╔══

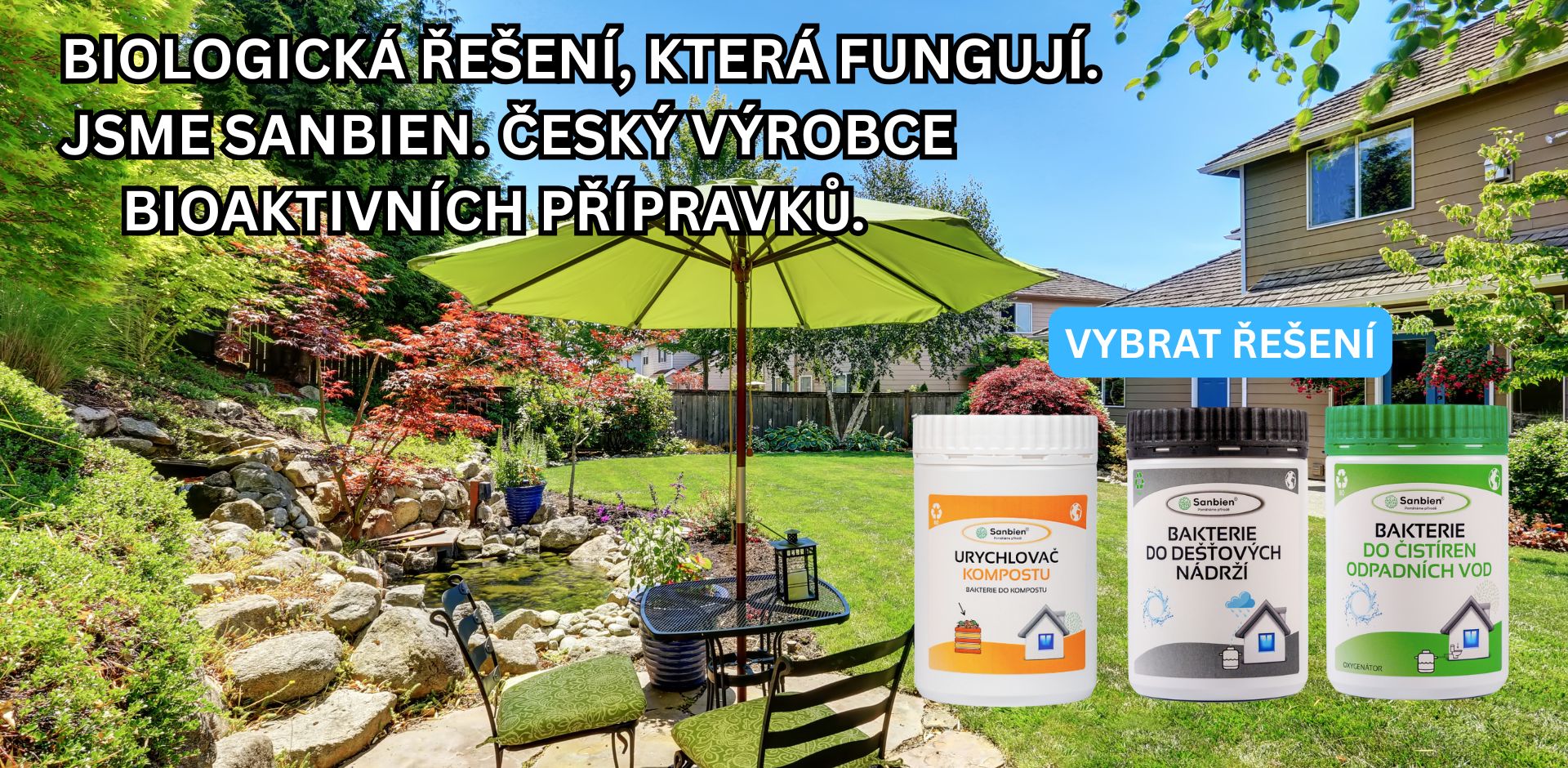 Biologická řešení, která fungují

╚══
╔══

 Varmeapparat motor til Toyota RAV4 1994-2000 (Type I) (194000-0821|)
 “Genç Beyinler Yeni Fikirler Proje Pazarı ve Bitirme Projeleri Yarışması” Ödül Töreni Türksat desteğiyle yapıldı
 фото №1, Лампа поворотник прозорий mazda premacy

╚══
╔══

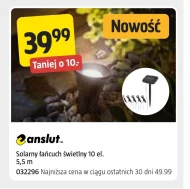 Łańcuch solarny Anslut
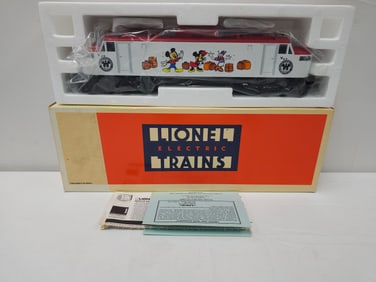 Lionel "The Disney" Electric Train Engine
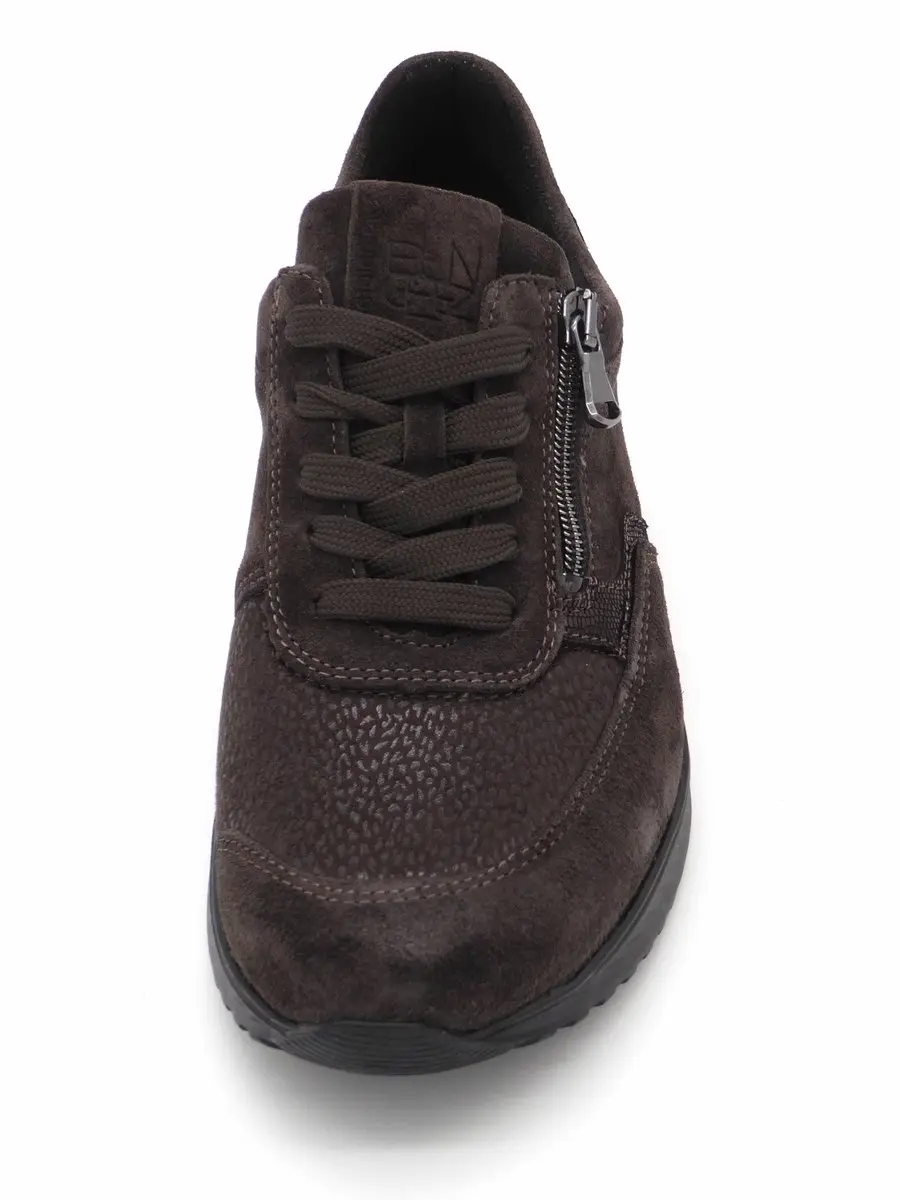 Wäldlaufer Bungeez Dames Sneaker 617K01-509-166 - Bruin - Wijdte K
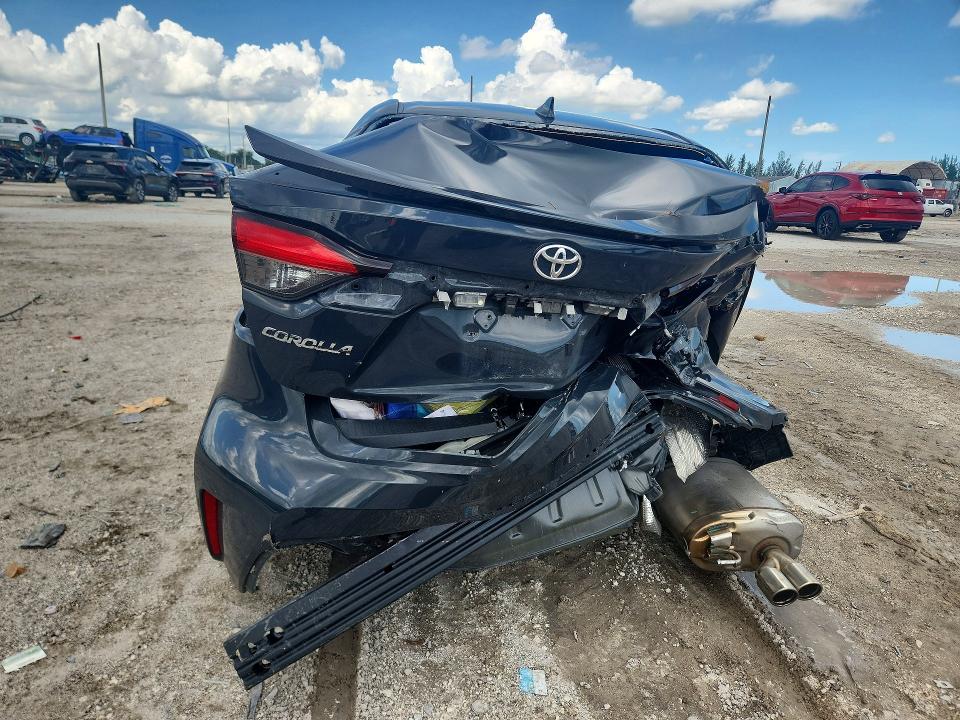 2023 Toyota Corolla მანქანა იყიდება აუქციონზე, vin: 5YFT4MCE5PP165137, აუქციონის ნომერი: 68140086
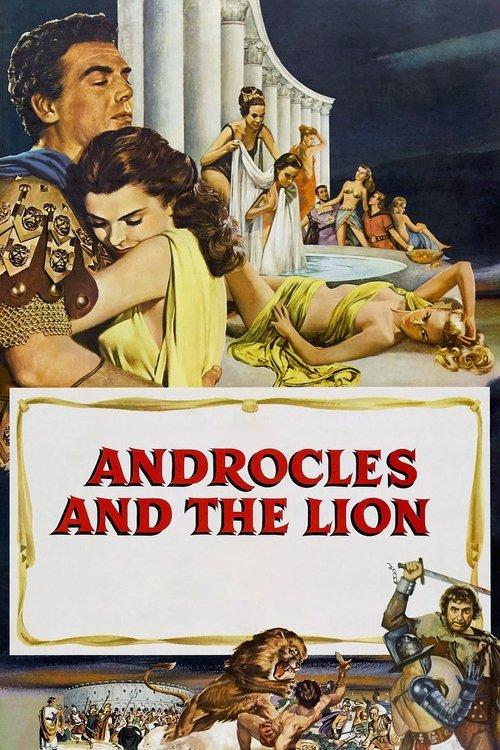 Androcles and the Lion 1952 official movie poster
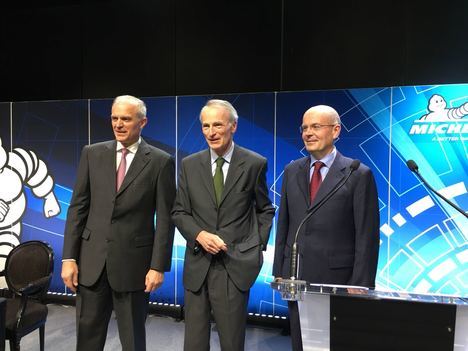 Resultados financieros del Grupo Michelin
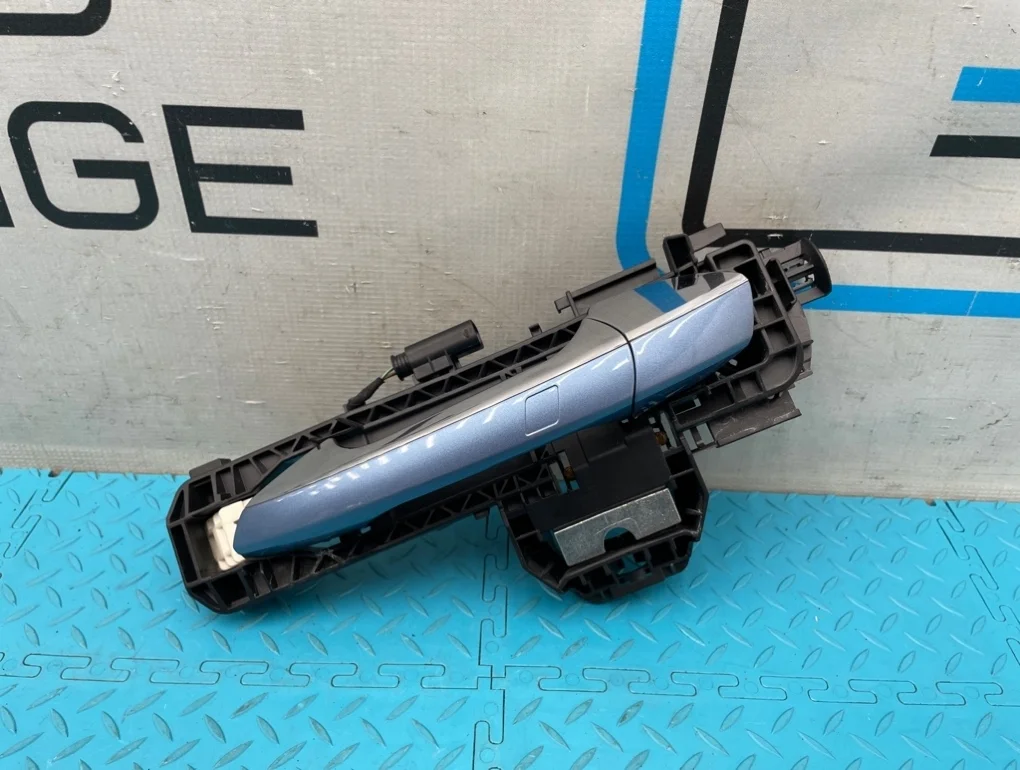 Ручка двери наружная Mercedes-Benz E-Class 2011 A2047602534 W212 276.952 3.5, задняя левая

╚══

Reproduce the listing above exactly from the line containing "Androcles and the" up to and including the line containing "Ручка двери наружная", omitting any images and everything outside those lines.

 Androcles and the Lion 1952 official movie poster
 Resultados financieros del Grupo Michelin
 Ручка двери наружная Mercedes-Benz E-Class 2011 A2047602534 W212 276.952 3.5, задняя левая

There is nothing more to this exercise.